PC gaming's biggest problem is that it's been an enthusiast market more than a consumer market. There are still tons of gamers that don't know the difference between 2GB ram, and a 2GB hard drive, or 1.21 gigahertz, to 1.21 gigawatts. For these gamers being a PC gamer is nothing but headache and heartache. The don't have a will to learn about the PC, and probably never will. Before buying any PC game, or hardware most PC gamers do some research. "Is it compatible with my current hardware? Do I meet min specs? Any known problems?" Even veteran PC gamers have trouble with some games, and these are smart tech savvy consumers.
Currently PC gaming is in a good place. If you bought a high end gaming pc 2 years ago it's probably still well above recommended specs. Mostly because the hardware race has slowed cause the difference in new tech and old tech isn't really that dramatic of a change when it comes to gaming. This might be due to the economic climate, or just a natural order of things, but it's really helped out consumers who've been trying to keep up w/ the Jones' (AMD, intel, Nvidia, and ATI). Their hardware arms race is one of a few reasons PC gaming has driven away consumers, and developers.

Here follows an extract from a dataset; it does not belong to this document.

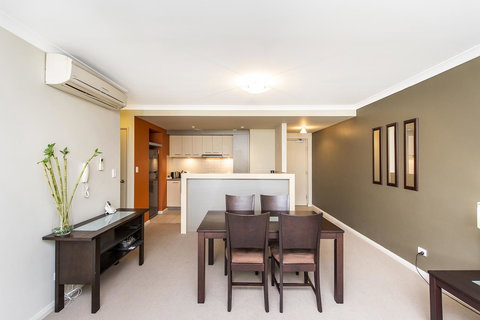 Subiaco Emporium Apartment - Redcliffe Tourism 17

Piracy is a serious issue for developers in this global tech age. While many tend to blow it out of proportion it's still something you have to consider when releasing on any platform not just pc. The DS, and PSP are two other examples of platforms where piracy seems to be a serious issue. On PC piracy is a problem because often the pirated versions of games are cheaper, easier to obtain, and easier to run. Imagine you're 15 years old and want a copy of Bioshock 2 for PC. First off you can't order it from an online retailer like steam since you don't have a credit card, some stores probably have it in stock, but you're 15 so you'll have to ride your, bike or take the bus. If you happen to get it, and it doesn't work on your PC you can't return it. You'll have to figure out the DRM, and if you have the knowledge to fix a problem with DRM you already have more than enough knowledge to get a pirated version which is not going to have any DRM requirements. Who can really blame consumers when piracy meets all their needs, and legit buyers are left in the cold. Steam might be an answer to that. While it's not cheaper than piracy it is much easier to get games on steam, and easier to run steam games than pirated ones. Consumers have repeatedly shown they will pay more when convenient so it's possible to compete with free especially with the shady pirate community, and the amount of personal information people keep on their pcs.